You can also argue that it offers some rate-limiting value to the acquisition pipeline but since there are so many CAs capable of issuing these certificates you could register many companies, somewhat like Special Purpose Acquisition Companies (SPAC) in the stock market, so that when the right opportunity exists to use these certificates it’s ready and waiting.
This hurdle also comes at the expense of adoption of code signing. This of course begs the question of was all that hassle was worth it?
Usually the argument made here is that since the company registration took place we can at least find the attacker at a later date right? Actually no, very few (if any) of these company registrations verify the address of the applicant.

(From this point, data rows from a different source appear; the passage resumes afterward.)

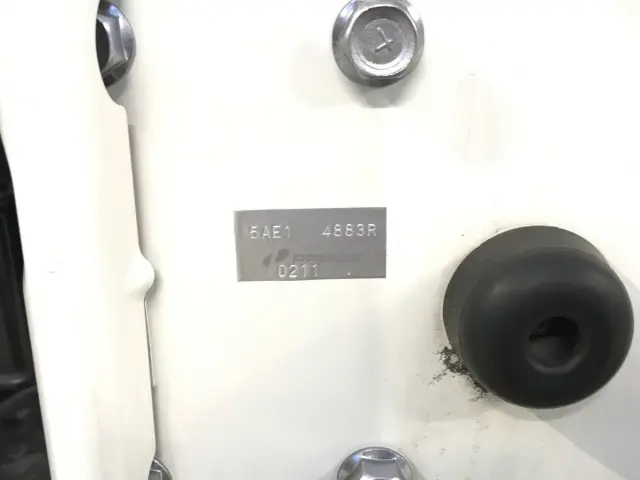 三菱 キャンター 2RG-FEAV0(2WD)の写真7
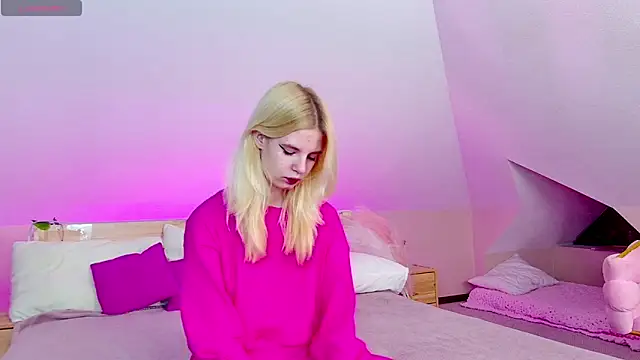 Erica Elnak online show from October 26, 4:18 pm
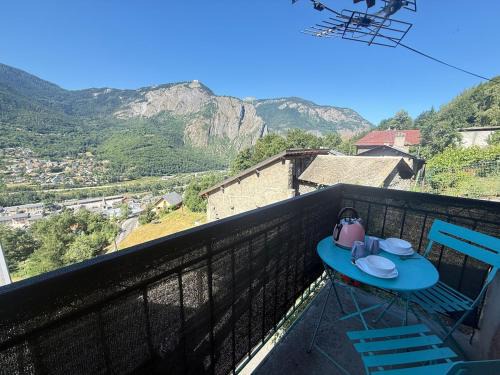 L' Altitude Billard Proche Stations Cols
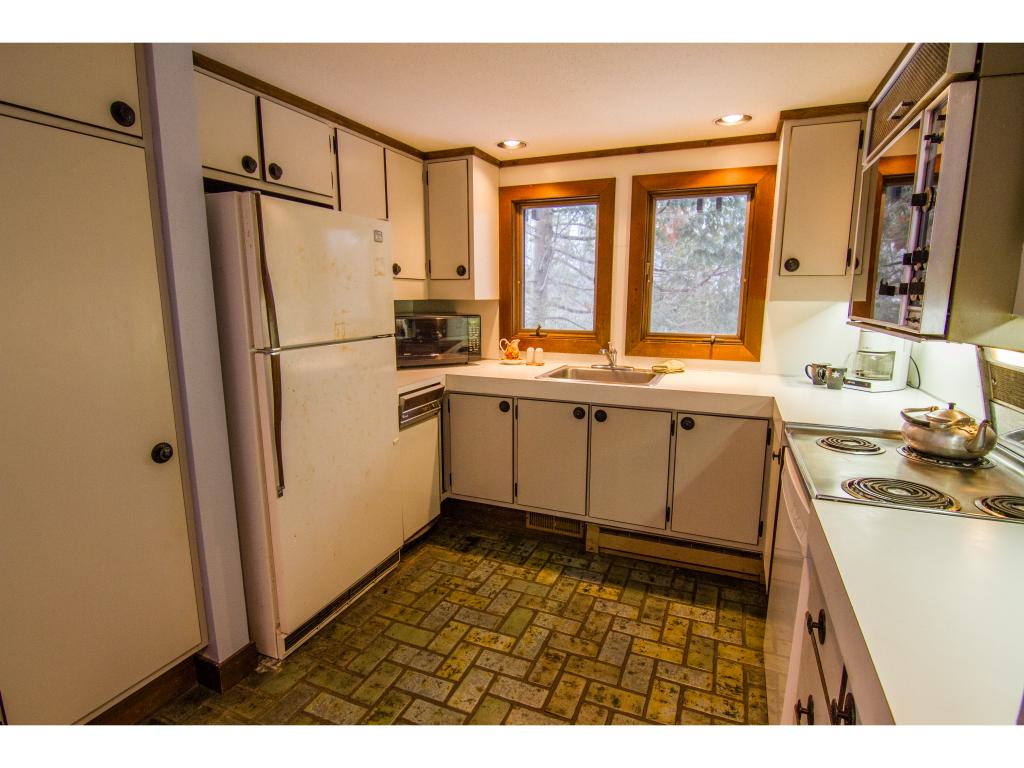 212 Falcon Loop Road East Rochester, VT 05767 - Photo 8 of 28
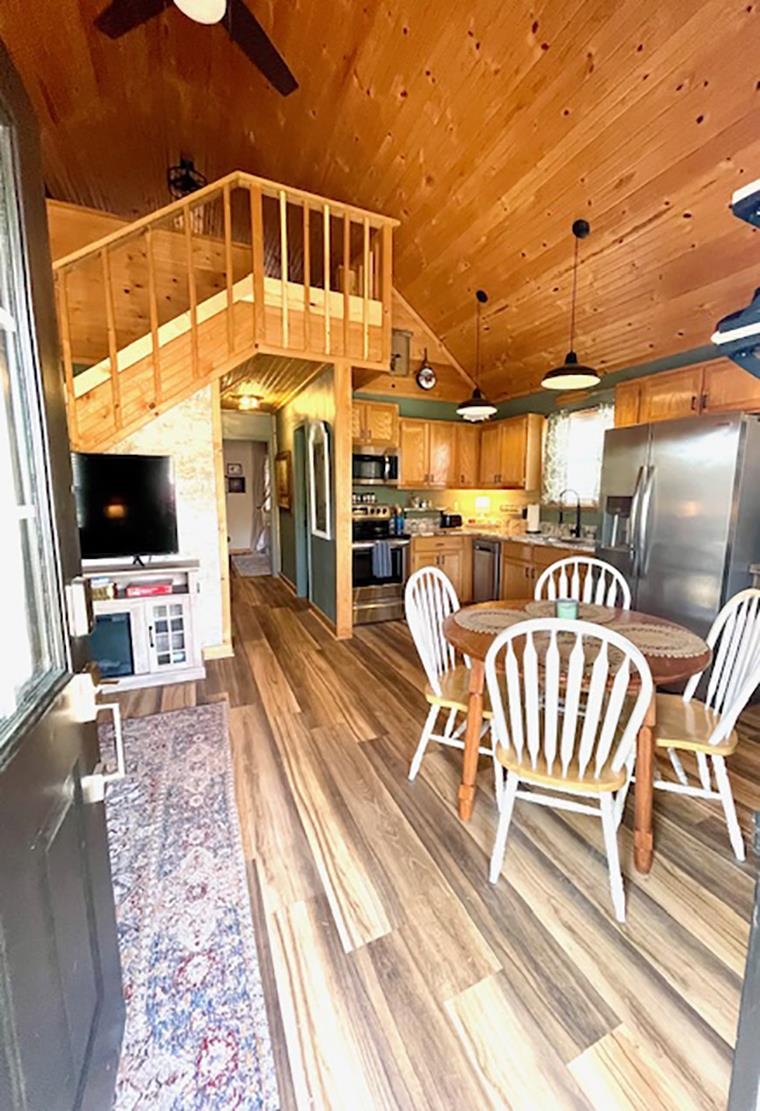 89 B E Valley  Hardy, AR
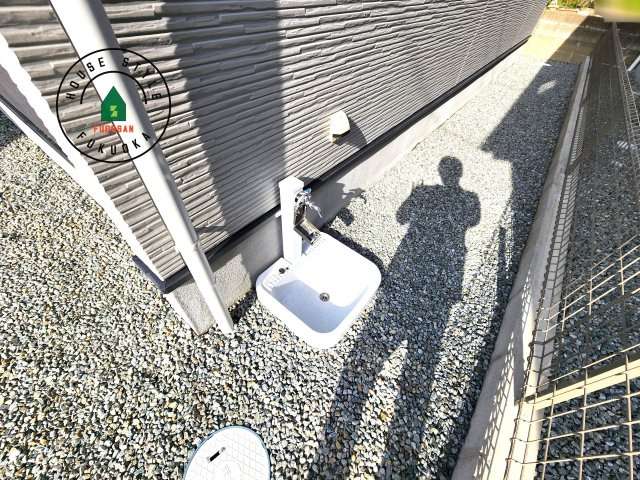 福津市津屋崎1丁目第5-2棟（1号棟）の外観：施工例|将来的にウッドデッキなど施工して、素敵なバルコニースペースを活用できます。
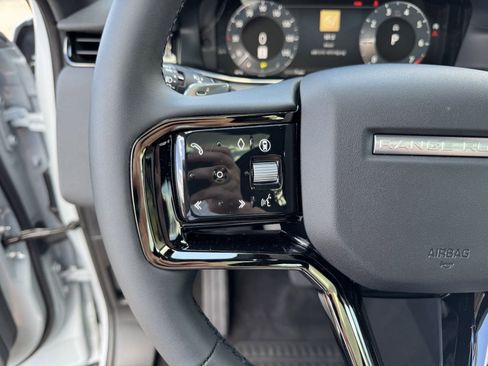 Used 2025 Land Rover Range Rover Evoque S image 14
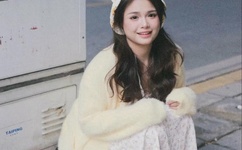 学生跪床 被 蘑菇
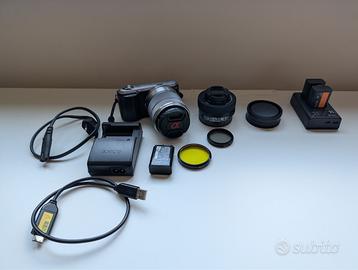 SONY NEX C3 + 18-55mm OSS + PZ 16-50mm OSS II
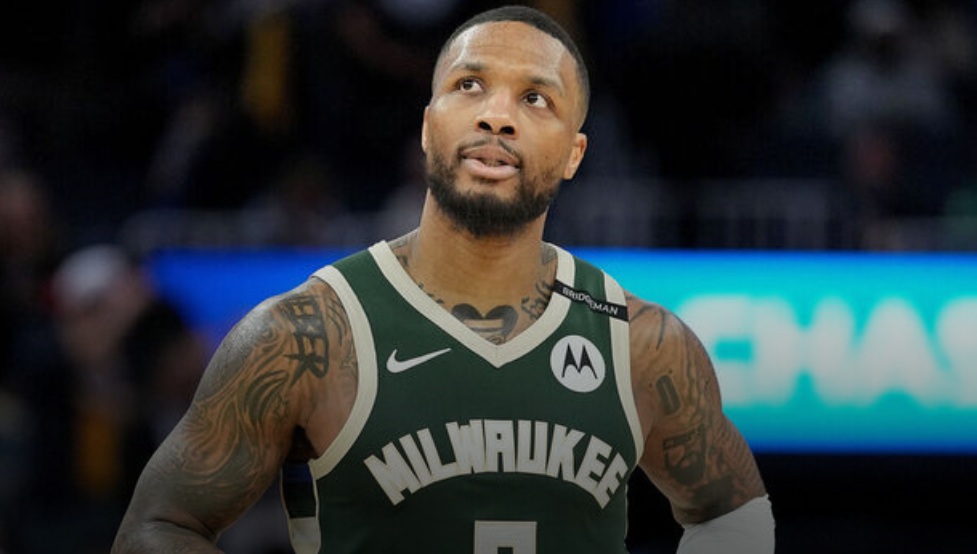 Report: Bucks waiving Lillard to stretch remaining $113M on contract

As I stated, in the beginning, this problem isn’t specific to code signing but in systems like code signing where the use of the credential has been separated from the associated usage of the credential, it becomes much harder to manage this risk.
To keep this code signing example going let’s look at the Apple Store. They do code-signing and use certificates that are quite similar to EV code-signing certificates. What is different is that Apple handles the entire flow of entity verification, binary analysis, manual review of the submission, key management, and signing. They do all of these things while taking into consideration the relationship of each entity and by considering the entire history available to them. This approach gives them a lot more information than you would have if you did each of these things in isolation from each other.
While there are no silver bullets when it comes to problems like this getting the abstractions at the right level does give you a lot more to work with when trying to defend from these attacks.